== Task brief ==
Below are the records; count how many of their lines carry "Hanging" and give only the number.

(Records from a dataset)
------------------------------------------------

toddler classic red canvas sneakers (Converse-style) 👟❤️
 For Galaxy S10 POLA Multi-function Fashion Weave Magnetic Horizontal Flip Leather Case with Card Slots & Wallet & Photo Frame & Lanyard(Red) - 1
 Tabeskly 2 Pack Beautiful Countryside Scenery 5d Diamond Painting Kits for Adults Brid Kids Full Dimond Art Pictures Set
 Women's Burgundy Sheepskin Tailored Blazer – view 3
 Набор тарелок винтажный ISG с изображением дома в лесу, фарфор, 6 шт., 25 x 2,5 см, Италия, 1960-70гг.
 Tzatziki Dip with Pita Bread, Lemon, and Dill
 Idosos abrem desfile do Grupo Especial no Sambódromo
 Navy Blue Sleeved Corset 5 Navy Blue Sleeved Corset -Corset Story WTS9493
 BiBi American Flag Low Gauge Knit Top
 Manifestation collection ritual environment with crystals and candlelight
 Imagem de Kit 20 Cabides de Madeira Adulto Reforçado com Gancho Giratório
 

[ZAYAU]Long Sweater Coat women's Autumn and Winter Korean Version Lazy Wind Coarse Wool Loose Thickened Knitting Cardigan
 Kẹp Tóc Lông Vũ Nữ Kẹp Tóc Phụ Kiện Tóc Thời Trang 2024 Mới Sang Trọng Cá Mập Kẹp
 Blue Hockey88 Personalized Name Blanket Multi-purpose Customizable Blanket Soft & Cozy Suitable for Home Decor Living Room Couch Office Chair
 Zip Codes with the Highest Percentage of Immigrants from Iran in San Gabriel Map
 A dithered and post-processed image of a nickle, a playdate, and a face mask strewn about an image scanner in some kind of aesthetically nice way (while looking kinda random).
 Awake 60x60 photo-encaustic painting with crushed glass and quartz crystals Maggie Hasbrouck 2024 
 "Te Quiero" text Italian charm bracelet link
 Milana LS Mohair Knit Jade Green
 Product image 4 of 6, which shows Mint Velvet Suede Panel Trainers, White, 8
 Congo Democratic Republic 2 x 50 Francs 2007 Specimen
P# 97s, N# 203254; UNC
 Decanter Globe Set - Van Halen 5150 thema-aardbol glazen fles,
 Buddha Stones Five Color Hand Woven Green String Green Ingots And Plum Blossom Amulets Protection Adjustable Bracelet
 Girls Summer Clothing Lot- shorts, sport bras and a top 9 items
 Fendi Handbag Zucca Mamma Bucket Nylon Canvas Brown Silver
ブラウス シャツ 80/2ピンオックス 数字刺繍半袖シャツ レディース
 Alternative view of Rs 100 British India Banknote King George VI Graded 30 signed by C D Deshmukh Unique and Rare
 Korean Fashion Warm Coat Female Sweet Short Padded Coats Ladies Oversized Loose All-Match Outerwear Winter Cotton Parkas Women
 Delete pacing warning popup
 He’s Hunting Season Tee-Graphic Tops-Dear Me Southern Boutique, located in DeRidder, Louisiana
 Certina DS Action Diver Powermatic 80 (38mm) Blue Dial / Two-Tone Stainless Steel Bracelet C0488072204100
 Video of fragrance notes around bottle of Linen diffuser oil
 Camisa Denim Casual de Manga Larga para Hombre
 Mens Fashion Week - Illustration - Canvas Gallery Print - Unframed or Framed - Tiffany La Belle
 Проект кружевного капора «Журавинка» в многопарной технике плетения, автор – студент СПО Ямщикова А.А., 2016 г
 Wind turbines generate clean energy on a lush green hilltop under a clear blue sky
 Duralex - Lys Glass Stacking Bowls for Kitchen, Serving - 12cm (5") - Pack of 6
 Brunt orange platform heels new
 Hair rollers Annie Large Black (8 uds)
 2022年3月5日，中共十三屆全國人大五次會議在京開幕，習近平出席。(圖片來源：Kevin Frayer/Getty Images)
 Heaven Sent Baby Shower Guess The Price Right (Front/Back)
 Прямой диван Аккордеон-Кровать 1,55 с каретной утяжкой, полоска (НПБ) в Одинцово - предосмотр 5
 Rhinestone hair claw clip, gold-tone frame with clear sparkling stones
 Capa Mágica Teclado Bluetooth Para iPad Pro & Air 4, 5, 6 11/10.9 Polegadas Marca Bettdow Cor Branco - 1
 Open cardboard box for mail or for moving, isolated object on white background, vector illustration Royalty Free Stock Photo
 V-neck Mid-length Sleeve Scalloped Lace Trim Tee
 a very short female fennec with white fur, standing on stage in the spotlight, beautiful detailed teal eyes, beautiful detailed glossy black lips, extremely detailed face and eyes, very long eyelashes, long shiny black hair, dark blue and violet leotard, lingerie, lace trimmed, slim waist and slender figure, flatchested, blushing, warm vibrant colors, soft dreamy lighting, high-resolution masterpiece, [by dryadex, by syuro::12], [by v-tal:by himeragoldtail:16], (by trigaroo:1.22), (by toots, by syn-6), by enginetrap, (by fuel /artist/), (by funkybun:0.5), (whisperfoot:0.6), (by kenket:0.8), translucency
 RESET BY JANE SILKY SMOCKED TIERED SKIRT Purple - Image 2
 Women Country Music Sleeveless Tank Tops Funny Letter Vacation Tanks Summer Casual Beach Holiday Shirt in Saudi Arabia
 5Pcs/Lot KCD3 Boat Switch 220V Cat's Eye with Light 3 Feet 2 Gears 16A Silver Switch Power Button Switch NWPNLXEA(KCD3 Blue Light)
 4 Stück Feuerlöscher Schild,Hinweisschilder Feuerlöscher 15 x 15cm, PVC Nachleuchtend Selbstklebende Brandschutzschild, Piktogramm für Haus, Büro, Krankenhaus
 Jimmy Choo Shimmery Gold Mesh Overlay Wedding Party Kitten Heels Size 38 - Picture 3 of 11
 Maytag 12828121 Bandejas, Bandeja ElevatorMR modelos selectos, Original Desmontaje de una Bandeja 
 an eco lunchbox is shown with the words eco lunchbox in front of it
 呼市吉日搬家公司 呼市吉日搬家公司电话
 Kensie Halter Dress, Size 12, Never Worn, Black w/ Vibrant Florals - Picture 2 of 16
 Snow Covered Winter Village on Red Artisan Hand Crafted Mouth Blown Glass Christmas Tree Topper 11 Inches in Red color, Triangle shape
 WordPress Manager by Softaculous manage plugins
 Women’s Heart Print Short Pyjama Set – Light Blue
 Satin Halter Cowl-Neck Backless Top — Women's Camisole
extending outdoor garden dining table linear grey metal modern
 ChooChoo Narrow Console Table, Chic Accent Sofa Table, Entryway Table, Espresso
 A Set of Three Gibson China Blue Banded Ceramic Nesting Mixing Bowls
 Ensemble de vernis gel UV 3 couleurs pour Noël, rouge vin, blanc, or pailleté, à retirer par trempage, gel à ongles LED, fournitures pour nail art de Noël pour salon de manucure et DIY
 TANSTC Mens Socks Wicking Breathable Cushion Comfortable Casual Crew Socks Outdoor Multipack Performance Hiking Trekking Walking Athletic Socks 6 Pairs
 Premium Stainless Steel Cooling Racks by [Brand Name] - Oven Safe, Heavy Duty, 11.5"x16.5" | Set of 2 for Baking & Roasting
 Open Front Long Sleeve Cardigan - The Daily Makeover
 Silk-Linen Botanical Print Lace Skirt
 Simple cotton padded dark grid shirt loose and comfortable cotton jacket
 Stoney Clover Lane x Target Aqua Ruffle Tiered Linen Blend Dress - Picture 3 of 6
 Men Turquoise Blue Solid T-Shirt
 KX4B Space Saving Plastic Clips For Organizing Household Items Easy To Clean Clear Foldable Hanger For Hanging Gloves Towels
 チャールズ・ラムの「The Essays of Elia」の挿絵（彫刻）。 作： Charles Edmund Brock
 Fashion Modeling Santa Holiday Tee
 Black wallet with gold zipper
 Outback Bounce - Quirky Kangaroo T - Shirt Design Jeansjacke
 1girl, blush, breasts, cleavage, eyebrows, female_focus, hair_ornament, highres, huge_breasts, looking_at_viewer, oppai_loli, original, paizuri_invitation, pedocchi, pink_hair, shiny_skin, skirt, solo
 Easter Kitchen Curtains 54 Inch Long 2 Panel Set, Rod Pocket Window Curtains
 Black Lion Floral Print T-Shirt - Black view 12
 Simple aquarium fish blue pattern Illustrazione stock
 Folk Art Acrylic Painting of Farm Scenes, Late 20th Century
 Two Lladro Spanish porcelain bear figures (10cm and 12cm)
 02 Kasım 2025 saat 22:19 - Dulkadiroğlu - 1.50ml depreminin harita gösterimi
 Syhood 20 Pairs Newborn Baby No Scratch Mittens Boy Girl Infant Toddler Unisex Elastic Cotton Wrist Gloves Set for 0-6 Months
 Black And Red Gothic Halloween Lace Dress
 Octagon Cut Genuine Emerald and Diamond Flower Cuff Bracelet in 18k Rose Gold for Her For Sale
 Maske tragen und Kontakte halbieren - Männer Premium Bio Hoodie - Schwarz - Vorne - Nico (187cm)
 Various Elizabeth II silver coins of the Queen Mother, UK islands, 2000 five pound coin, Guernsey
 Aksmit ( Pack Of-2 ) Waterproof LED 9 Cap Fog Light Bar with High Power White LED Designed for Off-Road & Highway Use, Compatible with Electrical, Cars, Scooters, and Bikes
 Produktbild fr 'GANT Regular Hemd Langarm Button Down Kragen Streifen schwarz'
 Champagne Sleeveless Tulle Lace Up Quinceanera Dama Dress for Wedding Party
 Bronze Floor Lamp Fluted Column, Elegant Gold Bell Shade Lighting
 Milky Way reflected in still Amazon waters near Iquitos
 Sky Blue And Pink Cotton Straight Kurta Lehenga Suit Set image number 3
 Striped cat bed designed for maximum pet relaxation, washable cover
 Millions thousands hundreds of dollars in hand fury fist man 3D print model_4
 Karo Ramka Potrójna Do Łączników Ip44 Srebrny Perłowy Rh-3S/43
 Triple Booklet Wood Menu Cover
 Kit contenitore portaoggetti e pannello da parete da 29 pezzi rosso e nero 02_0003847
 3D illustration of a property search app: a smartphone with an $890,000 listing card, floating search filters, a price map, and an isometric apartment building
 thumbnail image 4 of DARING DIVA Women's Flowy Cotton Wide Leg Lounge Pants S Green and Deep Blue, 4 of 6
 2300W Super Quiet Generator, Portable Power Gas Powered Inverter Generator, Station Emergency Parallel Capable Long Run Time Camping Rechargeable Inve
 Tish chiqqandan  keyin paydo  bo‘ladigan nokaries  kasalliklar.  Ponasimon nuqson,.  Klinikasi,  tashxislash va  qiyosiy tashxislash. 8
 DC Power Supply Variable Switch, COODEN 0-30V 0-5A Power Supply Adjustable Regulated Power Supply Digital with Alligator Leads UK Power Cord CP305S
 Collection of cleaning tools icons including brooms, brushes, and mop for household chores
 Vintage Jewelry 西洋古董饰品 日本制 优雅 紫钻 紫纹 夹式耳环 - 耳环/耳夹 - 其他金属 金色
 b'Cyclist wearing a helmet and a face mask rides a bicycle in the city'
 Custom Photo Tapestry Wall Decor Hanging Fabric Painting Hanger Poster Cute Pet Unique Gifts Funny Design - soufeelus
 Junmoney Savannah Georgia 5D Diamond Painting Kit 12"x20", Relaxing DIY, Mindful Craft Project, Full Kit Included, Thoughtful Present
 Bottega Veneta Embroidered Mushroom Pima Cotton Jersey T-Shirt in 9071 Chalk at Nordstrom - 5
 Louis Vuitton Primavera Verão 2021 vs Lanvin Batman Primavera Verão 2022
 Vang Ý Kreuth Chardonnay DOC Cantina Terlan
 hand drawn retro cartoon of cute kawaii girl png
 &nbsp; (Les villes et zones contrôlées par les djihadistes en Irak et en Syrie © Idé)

------------------------------------------------

== Response below ==
2